Below this line are records; write out exactly the lines from the one containing "Political map of" through the one containing "Yellow dress and", with the pictures left out.

### Record excerpts

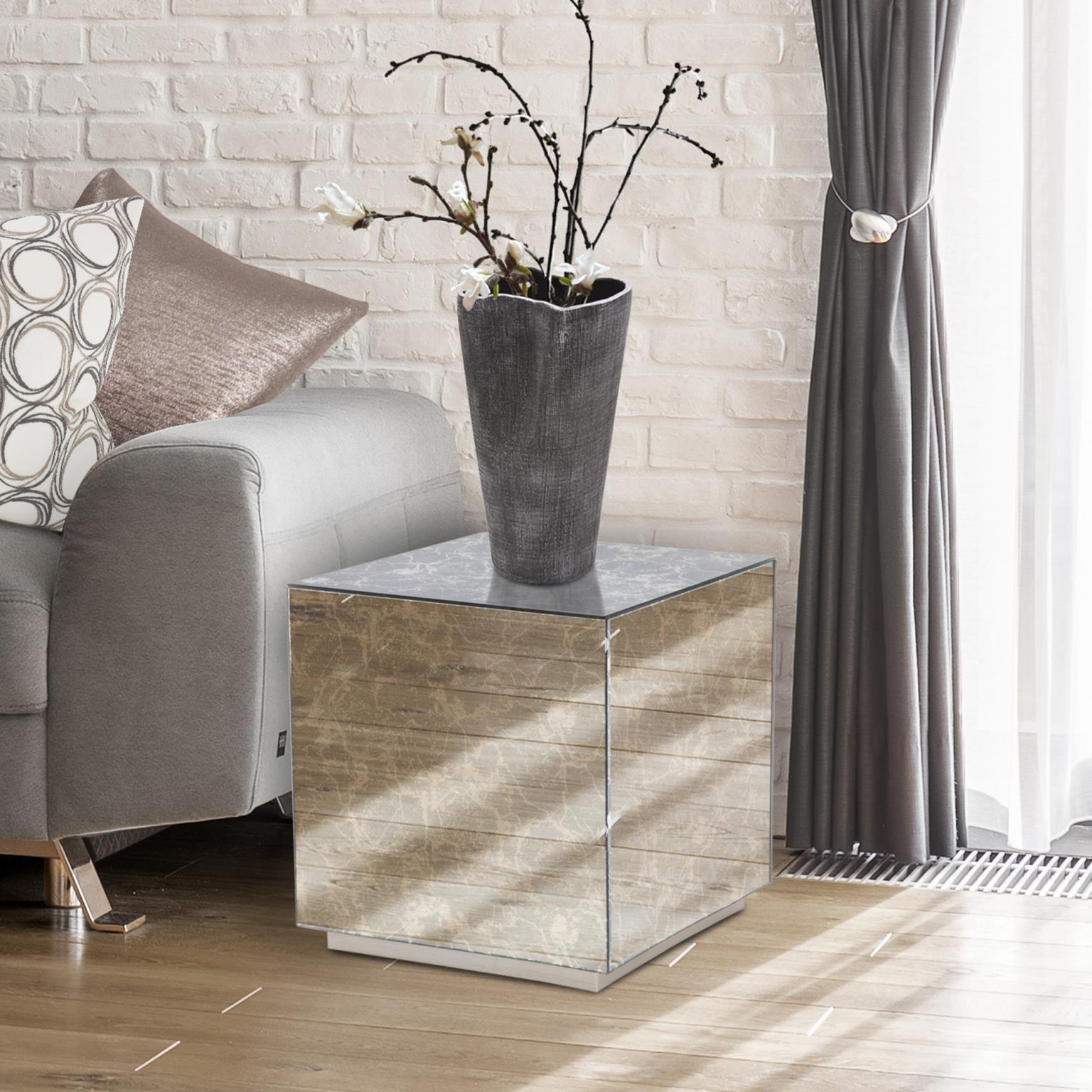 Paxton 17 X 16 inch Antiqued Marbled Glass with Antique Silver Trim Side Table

######
### Record excerpts

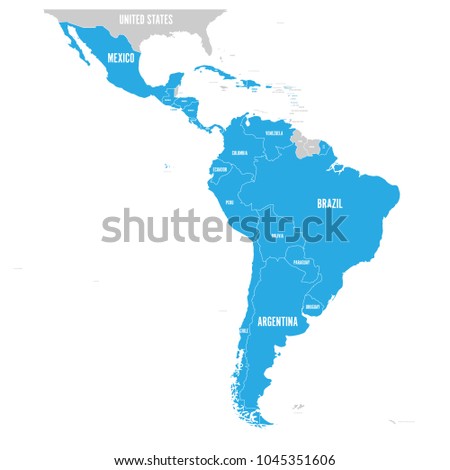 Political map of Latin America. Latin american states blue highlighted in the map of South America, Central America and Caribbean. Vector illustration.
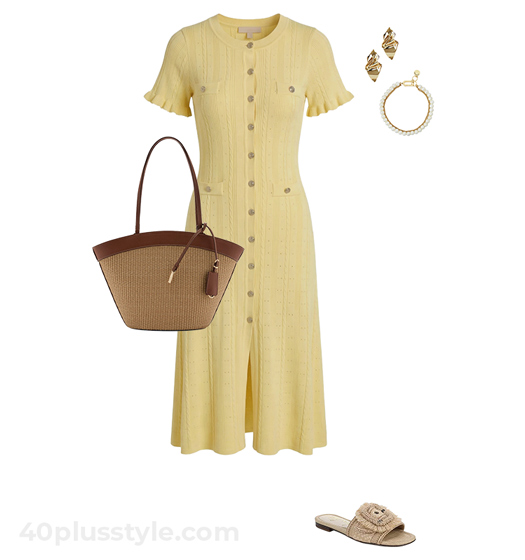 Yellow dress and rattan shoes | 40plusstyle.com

######

Task output >>
 Political map of Latin America. Latin american states blue highlighted in the map of South America, Central America and Caribbean. Vector illustration.
 Yellow dress and rattan shoes | 40plusstyle.com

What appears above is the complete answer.